In this chapter, we'll start writing a new model from scratch to meet 3 broad goals:

  • expanding Forge's expressive power to support sets and relations;
  • modeling more recursive concepts in a language without recursion; and
  • modeling a syntax for a language, along with its semantics.

You can find the completed models here.

Modeling Boolean Formulas

If you've spent time writing programs, then you've already spent a lot of time working with boolean formulas. E.g., if you're building a binary search tree in Java, you might write something like this to check the left-descent case:

if(this.getLeftChild() != null &&
   this.getLeftChild().value < goal) { 
    ... 
}

The conditional inside the if is a boolean formula with two boolean variables (also sometimes called atomic propositions) corresponding to leftChild == null and leftChild.value < goal. A ! (not) negates the equality check, and a single && (and) combines the conditions. The syntax of the conditional forms a tree, with atoms for the two boolean variables, the not and the and:

Modeling Boolean Formulas

Let's define some types for formulas.
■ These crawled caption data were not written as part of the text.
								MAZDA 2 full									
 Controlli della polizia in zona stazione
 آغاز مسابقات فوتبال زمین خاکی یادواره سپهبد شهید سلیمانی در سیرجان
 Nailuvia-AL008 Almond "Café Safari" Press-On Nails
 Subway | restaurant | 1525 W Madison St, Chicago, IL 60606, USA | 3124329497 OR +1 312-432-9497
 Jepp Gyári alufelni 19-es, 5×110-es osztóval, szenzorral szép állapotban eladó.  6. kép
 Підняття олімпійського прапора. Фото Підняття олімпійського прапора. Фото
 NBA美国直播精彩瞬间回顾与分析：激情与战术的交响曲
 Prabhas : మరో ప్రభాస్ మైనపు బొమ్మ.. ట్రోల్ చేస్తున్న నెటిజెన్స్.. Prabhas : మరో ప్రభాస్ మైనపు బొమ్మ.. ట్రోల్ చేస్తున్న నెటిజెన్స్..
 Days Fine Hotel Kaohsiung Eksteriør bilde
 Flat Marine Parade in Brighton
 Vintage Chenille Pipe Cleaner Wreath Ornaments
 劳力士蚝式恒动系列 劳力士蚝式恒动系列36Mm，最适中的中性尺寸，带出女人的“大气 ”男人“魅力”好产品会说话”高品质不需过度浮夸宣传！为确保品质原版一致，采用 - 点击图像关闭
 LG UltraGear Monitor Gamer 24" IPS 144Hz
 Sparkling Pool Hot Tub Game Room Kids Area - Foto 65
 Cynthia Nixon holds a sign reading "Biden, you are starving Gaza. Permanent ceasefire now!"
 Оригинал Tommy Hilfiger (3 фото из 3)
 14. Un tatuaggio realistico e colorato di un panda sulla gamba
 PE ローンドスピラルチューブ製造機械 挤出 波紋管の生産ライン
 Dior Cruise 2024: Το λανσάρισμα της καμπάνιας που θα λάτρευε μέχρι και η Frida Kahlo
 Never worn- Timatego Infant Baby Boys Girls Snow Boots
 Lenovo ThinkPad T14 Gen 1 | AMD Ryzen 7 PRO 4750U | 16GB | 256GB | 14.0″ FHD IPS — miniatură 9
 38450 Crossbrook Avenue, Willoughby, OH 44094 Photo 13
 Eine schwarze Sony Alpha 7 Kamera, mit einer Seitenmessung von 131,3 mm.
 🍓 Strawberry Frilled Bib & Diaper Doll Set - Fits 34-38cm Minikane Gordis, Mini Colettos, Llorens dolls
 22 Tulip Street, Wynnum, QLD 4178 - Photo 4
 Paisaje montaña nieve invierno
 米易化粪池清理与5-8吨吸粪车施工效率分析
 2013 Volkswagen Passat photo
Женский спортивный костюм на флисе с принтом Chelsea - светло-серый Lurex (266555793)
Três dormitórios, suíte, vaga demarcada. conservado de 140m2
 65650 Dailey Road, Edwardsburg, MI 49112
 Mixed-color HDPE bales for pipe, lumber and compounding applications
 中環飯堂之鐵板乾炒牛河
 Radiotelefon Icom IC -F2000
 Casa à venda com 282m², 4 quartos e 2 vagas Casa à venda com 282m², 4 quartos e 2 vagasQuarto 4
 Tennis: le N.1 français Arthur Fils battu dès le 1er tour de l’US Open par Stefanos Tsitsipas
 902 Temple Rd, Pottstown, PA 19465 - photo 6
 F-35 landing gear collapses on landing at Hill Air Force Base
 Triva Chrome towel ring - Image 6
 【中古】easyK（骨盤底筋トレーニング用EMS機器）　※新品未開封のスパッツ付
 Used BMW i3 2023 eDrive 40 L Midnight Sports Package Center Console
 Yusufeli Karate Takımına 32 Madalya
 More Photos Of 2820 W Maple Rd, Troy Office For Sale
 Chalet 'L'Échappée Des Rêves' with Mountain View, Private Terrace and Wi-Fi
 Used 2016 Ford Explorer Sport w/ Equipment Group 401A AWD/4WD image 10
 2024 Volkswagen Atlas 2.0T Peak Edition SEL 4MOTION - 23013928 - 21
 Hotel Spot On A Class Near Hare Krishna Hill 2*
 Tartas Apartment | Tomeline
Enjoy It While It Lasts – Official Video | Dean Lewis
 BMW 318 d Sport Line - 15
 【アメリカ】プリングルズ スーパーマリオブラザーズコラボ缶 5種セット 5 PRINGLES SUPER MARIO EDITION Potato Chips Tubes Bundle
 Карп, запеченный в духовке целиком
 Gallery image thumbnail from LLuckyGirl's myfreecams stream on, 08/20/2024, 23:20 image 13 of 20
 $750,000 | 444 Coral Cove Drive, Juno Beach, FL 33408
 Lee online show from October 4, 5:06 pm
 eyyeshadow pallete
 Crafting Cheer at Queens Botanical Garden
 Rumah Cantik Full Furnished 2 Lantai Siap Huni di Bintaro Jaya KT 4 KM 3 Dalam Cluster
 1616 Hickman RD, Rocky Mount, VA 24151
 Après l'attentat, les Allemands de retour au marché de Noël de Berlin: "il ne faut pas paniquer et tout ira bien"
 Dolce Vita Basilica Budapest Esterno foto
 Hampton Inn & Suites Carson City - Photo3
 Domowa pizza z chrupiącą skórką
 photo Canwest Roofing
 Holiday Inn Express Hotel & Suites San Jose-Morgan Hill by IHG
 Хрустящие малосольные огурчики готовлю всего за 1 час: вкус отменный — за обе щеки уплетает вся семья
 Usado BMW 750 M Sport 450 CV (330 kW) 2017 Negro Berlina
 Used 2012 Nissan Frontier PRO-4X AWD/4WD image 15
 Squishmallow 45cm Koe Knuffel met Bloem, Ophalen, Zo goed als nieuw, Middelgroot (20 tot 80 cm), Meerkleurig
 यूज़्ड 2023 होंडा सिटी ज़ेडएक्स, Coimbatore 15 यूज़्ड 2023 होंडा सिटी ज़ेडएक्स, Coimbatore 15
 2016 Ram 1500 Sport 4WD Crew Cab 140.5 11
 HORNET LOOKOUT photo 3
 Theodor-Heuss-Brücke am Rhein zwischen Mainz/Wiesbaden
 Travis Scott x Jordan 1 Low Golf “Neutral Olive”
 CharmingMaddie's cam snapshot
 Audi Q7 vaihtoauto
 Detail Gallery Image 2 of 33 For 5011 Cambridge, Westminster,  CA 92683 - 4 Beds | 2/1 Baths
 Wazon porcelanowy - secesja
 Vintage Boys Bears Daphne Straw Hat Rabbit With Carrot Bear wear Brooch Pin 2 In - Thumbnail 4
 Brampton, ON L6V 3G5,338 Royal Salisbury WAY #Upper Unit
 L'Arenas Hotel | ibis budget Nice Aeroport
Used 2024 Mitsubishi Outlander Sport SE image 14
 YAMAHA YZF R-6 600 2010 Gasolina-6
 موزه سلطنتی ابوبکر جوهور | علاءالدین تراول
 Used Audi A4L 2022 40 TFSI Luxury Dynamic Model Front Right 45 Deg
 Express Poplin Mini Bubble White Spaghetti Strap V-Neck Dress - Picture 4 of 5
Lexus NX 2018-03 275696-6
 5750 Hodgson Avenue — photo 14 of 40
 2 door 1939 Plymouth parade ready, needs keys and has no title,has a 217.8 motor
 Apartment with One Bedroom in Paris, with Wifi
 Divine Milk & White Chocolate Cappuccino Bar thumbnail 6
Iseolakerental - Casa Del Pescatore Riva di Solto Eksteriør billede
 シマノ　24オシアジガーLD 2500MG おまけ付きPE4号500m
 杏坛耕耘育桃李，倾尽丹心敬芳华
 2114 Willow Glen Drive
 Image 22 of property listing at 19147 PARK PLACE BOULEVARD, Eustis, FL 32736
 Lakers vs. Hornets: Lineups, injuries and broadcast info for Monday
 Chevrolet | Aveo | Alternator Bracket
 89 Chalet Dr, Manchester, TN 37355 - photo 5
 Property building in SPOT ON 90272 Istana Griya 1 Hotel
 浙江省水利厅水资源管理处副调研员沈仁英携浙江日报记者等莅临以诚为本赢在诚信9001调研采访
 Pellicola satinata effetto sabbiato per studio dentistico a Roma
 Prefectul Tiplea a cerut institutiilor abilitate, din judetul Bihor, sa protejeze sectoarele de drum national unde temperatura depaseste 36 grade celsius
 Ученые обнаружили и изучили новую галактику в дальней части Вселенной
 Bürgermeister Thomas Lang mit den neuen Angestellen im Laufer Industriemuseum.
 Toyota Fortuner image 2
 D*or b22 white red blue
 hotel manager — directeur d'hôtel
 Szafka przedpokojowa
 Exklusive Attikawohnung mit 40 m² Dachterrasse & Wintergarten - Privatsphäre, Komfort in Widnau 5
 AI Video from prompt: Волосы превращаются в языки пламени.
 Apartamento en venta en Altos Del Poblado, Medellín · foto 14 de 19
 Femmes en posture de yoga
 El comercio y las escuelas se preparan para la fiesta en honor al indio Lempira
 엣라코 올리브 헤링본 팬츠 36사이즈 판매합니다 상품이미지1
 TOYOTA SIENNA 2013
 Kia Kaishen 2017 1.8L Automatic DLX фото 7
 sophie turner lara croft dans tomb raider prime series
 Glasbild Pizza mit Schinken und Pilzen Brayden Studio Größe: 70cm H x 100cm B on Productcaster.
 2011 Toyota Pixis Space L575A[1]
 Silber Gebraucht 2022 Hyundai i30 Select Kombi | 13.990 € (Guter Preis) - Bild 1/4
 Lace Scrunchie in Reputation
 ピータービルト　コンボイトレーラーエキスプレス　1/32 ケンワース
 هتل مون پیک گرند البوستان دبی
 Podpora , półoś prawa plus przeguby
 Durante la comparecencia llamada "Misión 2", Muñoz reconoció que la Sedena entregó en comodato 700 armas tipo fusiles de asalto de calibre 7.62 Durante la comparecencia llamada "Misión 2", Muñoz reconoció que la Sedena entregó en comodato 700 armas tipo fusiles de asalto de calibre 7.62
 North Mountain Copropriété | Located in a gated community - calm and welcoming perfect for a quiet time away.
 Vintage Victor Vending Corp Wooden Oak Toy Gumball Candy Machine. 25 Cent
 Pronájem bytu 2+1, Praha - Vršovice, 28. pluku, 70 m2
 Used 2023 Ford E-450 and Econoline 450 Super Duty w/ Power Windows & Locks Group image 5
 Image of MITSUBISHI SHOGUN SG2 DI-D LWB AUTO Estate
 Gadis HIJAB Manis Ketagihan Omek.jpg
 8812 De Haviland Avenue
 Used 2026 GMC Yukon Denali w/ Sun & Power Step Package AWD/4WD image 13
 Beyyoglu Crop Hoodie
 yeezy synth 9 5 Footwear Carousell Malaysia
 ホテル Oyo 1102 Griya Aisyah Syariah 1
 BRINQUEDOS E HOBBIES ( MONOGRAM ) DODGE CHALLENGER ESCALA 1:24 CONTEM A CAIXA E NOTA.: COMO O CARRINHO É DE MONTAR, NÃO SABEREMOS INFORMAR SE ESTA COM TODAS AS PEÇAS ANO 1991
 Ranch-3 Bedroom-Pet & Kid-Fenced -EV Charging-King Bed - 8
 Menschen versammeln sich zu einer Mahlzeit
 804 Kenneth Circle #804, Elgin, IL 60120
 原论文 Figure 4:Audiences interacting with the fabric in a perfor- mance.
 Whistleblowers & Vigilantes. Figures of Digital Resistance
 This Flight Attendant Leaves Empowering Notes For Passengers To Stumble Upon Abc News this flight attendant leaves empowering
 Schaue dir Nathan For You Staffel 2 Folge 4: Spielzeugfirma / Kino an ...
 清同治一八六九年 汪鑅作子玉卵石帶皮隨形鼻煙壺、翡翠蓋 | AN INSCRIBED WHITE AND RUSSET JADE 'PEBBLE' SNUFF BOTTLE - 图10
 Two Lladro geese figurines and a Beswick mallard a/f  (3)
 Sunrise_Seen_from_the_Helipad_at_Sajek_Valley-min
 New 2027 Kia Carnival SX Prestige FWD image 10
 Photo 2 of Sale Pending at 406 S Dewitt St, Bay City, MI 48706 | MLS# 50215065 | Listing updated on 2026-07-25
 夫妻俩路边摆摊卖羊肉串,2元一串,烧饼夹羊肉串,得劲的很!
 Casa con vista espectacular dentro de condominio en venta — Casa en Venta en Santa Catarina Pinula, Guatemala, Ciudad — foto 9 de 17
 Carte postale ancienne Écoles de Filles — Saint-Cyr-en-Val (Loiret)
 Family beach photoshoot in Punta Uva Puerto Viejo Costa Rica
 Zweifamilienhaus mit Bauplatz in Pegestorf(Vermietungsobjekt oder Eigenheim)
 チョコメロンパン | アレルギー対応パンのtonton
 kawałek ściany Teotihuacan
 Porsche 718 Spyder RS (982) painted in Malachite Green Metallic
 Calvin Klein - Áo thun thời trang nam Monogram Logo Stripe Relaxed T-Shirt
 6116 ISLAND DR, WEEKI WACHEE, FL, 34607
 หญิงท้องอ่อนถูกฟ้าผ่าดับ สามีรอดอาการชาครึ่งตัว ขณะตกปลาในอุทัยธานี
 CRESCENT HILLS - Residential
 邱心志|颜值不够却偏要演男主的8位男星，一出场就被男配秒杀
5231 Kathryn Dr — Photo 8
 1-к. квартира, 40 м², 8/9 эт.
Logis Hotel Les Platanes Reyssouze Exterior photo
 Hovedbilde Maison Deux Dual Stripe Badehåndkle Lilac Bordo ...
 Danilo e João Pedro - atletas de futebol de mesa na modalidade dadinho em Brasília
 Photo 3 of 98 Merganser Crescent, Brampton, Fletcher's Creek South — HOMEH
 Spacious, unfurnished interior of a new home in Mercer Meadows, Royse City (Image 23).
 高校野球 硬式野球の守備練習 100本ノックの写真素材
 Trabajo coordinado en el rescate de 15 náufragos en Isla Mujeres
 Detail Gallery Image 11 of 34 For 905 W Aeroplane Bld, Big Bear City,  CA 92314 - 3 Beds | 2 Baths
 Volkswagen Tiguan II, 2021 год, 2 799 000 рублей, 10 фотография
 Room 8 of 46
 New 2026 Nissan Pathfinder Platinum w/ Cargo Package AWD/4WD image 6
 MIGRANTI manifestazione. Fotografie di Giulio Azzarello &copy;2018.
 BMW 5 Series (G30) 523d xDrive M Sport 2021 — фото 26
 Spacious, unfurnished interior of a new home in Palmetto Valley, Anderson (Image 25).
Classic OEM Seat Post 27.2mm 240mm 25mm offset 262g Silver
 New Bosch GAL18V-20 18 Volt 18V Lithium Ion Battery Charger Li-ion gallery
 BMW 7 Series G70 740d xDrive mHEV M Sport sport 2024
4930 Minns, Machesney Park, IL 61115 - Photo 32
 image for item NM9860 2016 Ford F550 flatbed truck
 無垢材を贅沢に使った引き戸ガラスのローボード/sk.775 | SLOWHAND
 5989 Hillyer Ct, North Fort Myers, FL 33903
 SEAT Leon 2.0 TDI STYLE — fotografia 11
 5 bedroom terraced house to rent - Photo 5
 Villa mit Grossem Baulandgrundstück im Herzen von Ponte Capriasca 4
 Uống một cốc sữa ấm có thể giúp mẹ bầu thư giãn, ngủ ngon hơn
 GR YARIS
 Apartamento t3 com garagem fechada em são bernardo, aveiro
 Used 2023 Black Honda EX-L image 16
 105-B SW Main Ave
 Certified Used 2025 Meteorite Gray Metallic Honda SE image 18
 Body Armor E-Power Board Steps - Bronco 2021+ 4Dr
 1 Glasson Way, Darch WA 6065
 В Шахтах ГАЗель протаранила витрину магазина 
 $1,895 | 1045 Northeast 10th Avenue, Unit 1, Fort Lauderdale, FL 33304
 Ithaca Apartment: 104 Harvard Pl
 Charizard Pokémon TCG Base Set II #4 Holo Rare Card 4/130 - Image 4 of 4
Like we've done before when defining a hierarchy of types, we'll make an abstract sig to represent the collection of all kinds of formulas, and have child sigs that represent specific kinds:

-- Syntax: formulas
abstract sig Formula {}
sig Var extends Formula {} 
sig Not extends Formula {child: one Formula} 
sig Or extends Formula {o_left, o_right: one Formula}
sig And extends Formula {a_left, a_right: one Formula}
-- If we really wanted to, we could add `Implies`, `IFF`, etc. in the same way.

Field names

Forge doesn't allow re-use of field names between sigs. If you try, you'll get an error that says the name is already used. So we need to name the left and right children of the And and Or types differently. Hence the o_ and a_ prefixes.

Wellformedness

As always, we need a notion of wellformedness. What would make a formula tree "garbage"? Well, if the syntax tree contained a cycle, the tree wouldn't be a tree, and the formula wouldn't be a formula! We'll write a wellformed predicate where an assertion like this will pass:

pred trivialLeftCycle { 
    some a: And | a.a_left = a
}
pred notWellformed { not wellformed }
assert trivialLeftCycle is sufficient for notWellformed

(TODO: I don't like the need to create a secondary helper notWellformed. Discuss with SP.)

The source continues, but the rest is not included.